## ACTIVITY
Give again only those lines from the start of the entries through the line holding "Cape Barren Goose - ML643197139", leaving them as they are.

AVAILABLE DATA section start

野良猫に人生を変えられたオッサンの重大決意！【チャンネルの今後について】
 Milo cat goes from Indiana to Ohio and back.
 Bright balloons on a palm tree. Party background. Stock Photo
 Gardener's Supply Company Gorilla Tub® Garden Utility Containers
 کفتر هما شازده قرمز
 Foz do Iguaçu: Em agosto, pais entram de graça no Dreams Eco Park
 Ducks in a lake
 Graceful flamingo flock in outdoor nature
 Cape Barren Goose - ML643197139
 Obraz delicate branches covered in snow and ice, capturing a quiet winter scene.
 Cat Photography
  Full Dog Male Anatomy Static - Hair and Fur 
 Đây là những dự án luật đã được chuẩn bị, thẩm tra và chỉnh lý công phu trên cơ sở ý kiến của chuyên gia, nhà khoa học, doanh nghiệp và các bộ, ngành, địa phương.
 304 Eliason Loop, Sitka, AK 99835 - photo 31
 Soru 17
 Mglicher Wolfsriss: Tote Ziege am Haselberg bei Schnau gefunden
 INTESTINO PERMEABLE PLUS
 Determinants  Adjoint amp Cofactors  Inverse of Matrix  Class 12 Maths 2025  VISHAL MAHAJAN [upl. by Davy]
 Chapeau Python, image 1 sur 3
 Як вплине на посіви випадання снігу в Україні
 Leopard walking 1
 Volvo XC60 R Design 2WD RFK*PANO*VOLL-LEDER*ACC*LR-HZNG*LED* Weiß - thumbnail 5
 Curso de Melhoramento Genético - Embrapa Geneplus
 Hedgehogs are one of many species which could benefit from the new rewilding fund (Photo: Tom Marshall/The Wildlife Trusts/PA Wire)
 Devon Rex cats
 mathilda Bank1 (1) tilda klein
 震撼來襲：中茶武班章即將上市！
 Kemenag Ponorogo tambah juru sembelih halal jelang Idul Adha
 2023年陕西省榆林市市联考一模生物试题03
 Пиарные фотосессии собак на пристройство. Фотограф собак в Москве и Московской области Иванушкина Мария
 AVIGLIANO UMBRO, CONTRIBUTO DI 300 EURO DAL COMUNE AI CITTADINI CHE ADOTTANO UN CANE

AVAILABLE DATA section end

## SOLUTION FOR THIS PROBLEM
野良猫に人生を変えられたオッサンの重大決意！【チャンネルの今後について】
 Milo cat goes from Indiana to Ohio and back.
 Bright balloons on a palm tree. Party background. Stock Photo
 Gardener's Supply Company Gorilla Tub® Garden Utility Containers
 کفتر هما شازده قرمز
 Foz do Iguaçu: Em agosto, pais entram de graça no Dreams Eco Park
 Ducks in a lake
 Graceful flamingo flock in outdoor nature
 Cape Barren Goose - ML643197139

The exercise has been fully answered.